§ **WHAT TO DO**
Only those lines in the data below from the line containing "Nature house in Saint-Aubin-en-Charollais" through the line containing "Customer photo review", both included, should be restated word for word.
[RECORDS Boundary: Start]
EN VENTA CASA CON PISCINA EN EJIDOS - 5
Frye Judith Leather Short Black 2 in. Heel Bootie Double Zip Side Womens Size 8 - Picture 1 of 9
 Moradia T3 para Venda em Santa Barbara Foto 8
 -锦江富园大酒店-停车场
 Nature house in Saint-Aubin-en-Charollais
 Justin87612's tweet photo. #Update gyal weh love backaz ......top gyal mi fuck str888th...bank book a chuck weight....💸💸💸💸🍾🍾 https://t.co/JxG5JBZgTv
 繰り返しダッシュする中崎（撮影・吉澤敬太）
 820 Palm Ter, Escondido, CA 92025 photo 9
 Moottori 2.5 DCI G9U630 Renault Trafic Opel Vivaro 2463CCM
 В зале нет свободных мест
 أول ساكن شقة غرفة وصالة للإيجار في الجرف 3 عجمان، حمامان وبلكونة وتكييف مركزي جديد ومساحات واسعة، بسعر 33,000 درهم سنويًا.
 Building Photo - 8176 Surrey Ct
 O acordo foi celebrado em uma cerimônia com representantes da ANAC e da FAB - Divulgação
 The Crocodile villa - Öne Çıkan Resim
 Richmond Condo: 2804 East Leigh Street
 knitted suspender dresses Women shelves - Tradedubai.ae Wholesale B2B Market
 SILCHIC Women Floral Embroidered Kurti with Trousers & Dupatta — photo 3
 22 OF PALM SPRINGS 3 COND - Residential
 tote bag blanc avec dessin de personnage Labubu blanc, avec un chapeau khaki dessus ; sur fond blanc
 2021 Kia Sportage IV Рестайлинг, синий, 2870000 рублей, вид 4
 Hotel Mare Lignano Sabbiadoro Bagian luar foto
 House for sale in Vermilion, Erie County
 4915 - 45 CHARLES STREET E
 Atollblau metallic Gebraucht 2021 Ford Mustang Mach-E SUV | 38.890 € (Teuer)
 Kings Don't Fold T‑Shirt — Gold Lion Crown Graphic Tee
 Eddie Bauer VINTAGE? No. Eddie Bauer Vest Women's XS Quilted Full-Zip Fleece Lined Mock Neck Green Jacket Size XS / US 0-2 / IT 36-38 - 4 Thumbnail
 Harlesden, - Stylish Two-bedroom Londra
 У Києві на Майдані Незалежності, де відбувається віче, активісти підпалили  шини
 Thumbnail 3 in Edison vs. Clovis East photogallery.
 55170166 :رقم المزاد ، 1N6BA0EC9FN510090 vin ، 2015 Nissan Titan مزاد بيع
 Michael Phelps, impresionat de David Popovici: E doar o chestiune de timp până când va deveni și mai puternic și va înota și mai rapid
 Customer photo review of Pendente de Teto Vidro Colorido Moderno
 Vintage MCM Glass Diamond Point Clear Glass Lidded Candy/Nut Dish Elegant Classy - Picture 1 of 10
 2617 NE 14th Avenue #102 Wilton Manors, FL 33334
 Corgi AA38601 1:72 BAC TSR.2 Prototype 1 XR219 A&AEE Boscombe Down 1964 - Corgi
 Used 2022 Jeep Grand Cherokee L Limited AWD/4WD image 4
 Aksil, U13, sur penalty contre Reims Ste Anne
[RECORDS Boundary: End]
§ **EXPECTED OUTPUT**
 Nature house in Saint-Aubin-en-Charollais
 Justin87612's tweet photo. #Update gyal weh love backaz ......top gyal mi fuck str888th...bank book a chuck weight....💸💸💸💸🍾🍾 https://t.co/JxG5JBZgTv
 繰り返しダッシュする中崎（撮影・吉澤敬太）
 820 Palm Ter, Escondido, CA 92025 photo 9
 Moottori 2.5 DCI G9U630 Renault Trafic Opel Vivaro 2463CCM
 В зале нет свободных мест
 أول ساكن شقة غرفة وصالة للإيجار في الجرف 3 عجمان، حمامان وبلكونة وتكييف مركزي جديد ومساحات واسعة، بسعر 33,000 درهم سنويًا.
 Building Photo - 8176 Surrey Ct
 O acordo foi celebrado em uma cerimônia com representantes da ANAC e da FAB - Divulgação
 The Crocodile villa - Öne Çıkan Resim
 Richmond Condo: 2804 East Leigh Street
 knitted suspender dresses Women shelves - Tradedubai.ae Wholesale B2B Market
 SILCHIC Women Floral Embroidered Kurti with Trousers & Dupatta — photo 3
 22 OF PALM SPRINGS 3 COND - Residential
 tote bag blanc avec dessin de personnage Labubu blanc, avec un chapeau khaki dessus ; sur fond blanc
 2021 Kia Sportage IV Рестайлинг, синий, 2870000 рублей, вид 4
 Hotel Mare Lignano Sabbiadoro Bagian luar foto
 House for sale in Vermilion, Erie County
 4915 - 45 CHARLES STREET E
 Atollblau metallic Gebraucht 2021 Ford Mustang Mach-E SUV | 38.890 € (Teuer)
 Kings Don't Fold T‑Shirt — Gold Lion Crown Graphic Tee
 Eddie Bauer VINTAGE? No. Eddie Bauer Vest Women's XS Quilted Full-Zip Fleece Lined Mock Neck Green Jacket Size XS / US 0-2 / IT 36-38 - 4 Thumbnail
 Harlesden, - Stylish Two-bedroom Londra
 У Києві на Майдані Незалежності, де відбувається віче, активісти підпалили  шини
 Thumbnail 3 in Edison vs. Clovis East photogallery.
 55170166 :رقم المزاد ، 1N6BA0EC9FN510090 vin ، 2015 Nissan Titan مزاد بيع
 Michael Phelps, impresionat de David Popovici: E doar o chestiune de timp până când va deveni și mai puternic și va înota și mai rapid
 Customer photo review of Pendente de Teto Vidro Colorido Moderno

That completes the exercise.